Exercise requirements:
Write only the number of lines in the records beneath that hold "Blue".

Source data:
-*-
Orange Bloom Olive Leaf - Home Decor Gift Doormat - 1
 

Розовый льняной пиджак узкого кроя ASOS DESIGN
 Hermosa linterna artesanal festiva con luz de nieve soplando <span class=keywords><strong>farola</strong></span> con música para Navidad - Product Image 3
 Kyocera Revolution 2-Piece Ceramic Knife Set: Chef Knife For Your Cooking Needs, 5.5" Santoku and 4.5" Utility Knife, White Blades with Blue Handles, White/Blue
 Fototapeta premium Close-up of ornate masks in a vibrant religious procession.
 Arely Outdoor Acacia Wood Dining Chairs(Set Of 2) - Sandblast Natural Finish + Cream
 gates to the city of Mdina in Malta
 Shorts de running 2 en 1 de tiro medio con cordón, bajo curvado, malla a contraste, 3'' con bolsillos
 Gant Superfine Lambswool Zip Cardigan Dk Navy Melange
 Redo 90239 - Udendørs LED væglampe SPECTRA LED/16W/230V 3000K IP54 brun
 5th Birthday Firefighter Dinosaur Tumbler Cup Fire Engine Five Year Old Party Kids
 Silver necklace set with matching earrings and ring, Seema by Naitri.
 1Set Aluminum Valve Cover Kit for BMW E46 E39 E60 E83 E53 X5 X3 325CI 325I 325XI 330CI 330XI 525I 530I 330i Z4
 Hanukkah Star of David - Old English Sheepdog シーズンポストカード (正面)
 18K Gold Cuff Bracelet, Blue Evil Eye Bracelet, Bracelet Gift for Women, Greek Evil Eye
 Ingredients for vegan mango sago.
-*-
Task solution:
2